Page 0 of pct_481288.pdf contain one embedded image, however page.getText("dict",flags = fitz.TEXT_INHIBITS_SPACES) returns only the text blocks.
path = './pct_481288.pdf'
doc = fitz.open(path)
pg_0 = doc[0]
pg_dc = page.getText("dict",flags = fitz.TEXT_INHIBIT_SPACES) # could be any flags
for blk in pg_dc["blocks"]:
if blk["type"] == 1:
print(blk)
1 image block should be printed.
[GCC 8.3.0] linux
PyMuPDF 1.16.10: Python bindings for the MuPDF 1.16.0 library.
Version date: 2019-12-21 07:31:32.
Built for Python 3.7 on linux (64-bit).
Possible indentation issue at line 465 and 466, causing the TEXT_PRESERVE_IMAGES line skipped when flags is not None.

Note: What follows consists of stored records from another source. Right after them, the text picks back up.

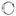 IW388101_8_transp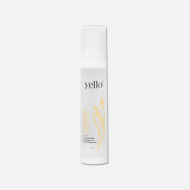 Cynara Essence Mist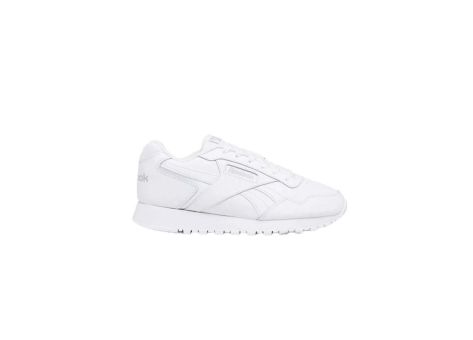 Reebok GLIDE (100010027) weiss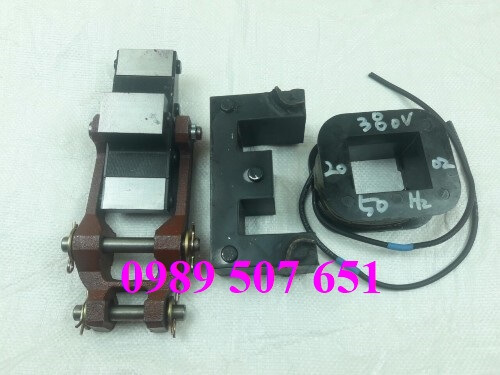 cum-chu-e-thang-palang-lgm cum-chu-e-thang-palang-lgm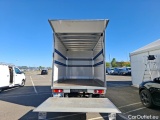  Renault  Master RENAULT  SC / 2019 / 2P / Châssis cabine CC Tr CF F3500 L3 Blue dCi 145 EVIE #10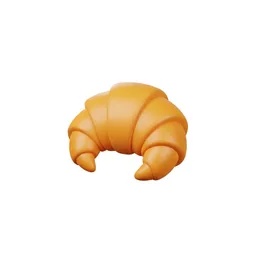 Croissants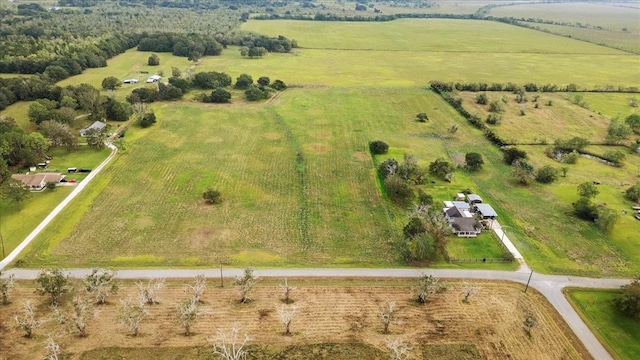16295 Wise Rd, Hamshire, TX 77622 - photo 3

https://github.com/pymupdf/PyMuPDF/blob/4546862accd82f3b746578c2d8bab227229f6327/fitz/utils.py#L463-L466
I understand. It's very early in the morning here and I am still busy with my first cup of coffee, so maybe I am overlooking something.
But the intention is to _allow suppressing images_ for outputs supporting them (because images are so damn large). So there is a default flag combination for each output type, which is taken if flags=None. If flags is not None, then this means the developer knows what he doing and no further logic is applied.
Thanks @JorjMcKie. It is clear now.
I will add some comment in the doc to clarify a bit more.